En cualquier caso, Colombia tiene una oportunidad de oro para terminar con 50 años de enfrentamiento con las guerrillas. Eso no comportará la paz de manera inmediata, pero se habrán sentado las bases para reforzar el papel del Estado y la oposición para transformar al país desde la democracia.

[In any case, Colombia has a golden opportunity to end 50 years of confrontation with the guerrillas. This will not bring peace in an immediate way, but it will have established the bases to reinforce the role of the state and the opposition to transform the country in the direction of democracy.]
One effect Colombia's World Cup match may have had on the ERP is that one of their commanders, Alfredo Hernández, was captured because he defied the organization's own security guidelines to install a satellite antenna at his place in the jungle so he could watch the World Cup! ("Mocho", el guerrillero capturado porque no quería perderse el Mundial infobae 14.06.2014; El guerrillero del Eln que cayó por la 'fiebre' mundialista El Tiempo 13.06.2014)

In a larger ideological sense, Santos seems to be center-right, while Zuluaga is a reactionary, at best.

A pre-election editorial by the British Observer warns, Colombia: only a Juan Manuel Santos victory offers prospect of peace 06/14/2014:

Who wins politically in Colombia this time around matters more than usual, and not just to Colombians. Since first attaining the presidency in 2010, Santos has pinned his reputation on ending the 50-year-long war with the ruthless cadres of the Marxist-oriented Revolutionary Armed Forces of Colombia (Farc). This struggle is said to have claimed more than 250,000 lives and displaced more than 5 million people. At its height, it involved 20,000 guerrillas, the Colombian army, the notorious druglords of the Cali and Medellin cartels, US armed forces pursuing America's extra-territorial "war on drugs', leftwing regional leaders such as the late Hugo Chávez of Venezuela, the worst kind of paramilitary death squads, and the denial of effective democratic choices to an impoverished, largely rural population.
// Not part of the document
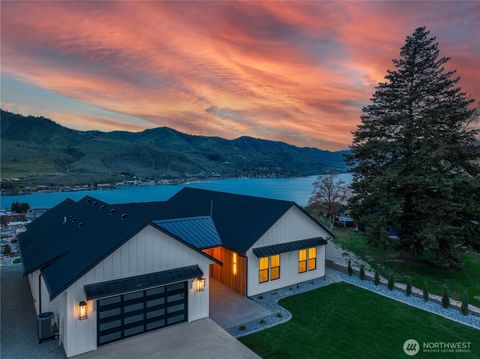 Photo of 548 Harvest Ridge Drive, Chelan, WA 98816 (MLS # 2507348)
The peace process championed by Santos since November 2012, the most promising of four such efforts since 1964, represents Colombia's best chance yet to break this domestic cycle of despair and destruction while showing a way forward for the region as a whole.
The editorial describes Zuluaga's politics this way:

By way of reply, Zuluaga offers only hatred, distrust and apathy. A former small-town mayor, Zuluaga studied at Exeter University before eventually rising to the position of finance minister under Colombia's former rightwing president, Alvaro Uribe Vélez, the man most closely associated with the worst excesses of the Bush administration's "war on drugs".

Colombia writer Héctor Abad, also in the Observer, writes in Colombia's freedoms are threatened by a campaign of far-right lies 06/14/2014, pointing to pre-election polls showing Zuluaga leading:

His campaign, deceitful but effective, will bring the far right to power in Colombia, actively assisted by the utopian, Chavist left – represented by the bard William Ospina – and assisted (through blank votes) by the Maoist left, represented by senator Jorge Enrique Robledo. Zuluaga is Uribe's puppet in much the same way that Dimitri Medvedev was Vladimir Putin's when he placed Medvedev in the Kremlin while he (briefly) stood down.
I'm not familiar enough with Colombian politics to know whether Zuluaga is a "puppet" of Uribe or not. But he's backed by Uribe and advocates for the uribismo type of politics. Abad also notes that Zuluaga and his supporters are referred to as "zorros," foxes, by their critics.

Abad charges that Zuluaga and Uribe "represent the worst of the Antioquia region: key drivers of the convivir, the government-sanctioned auto-defence groups of the 1990s, beneficiaries of the drug traffickers who raised the prices of their land, and landowners who sympathised with the convivir groups."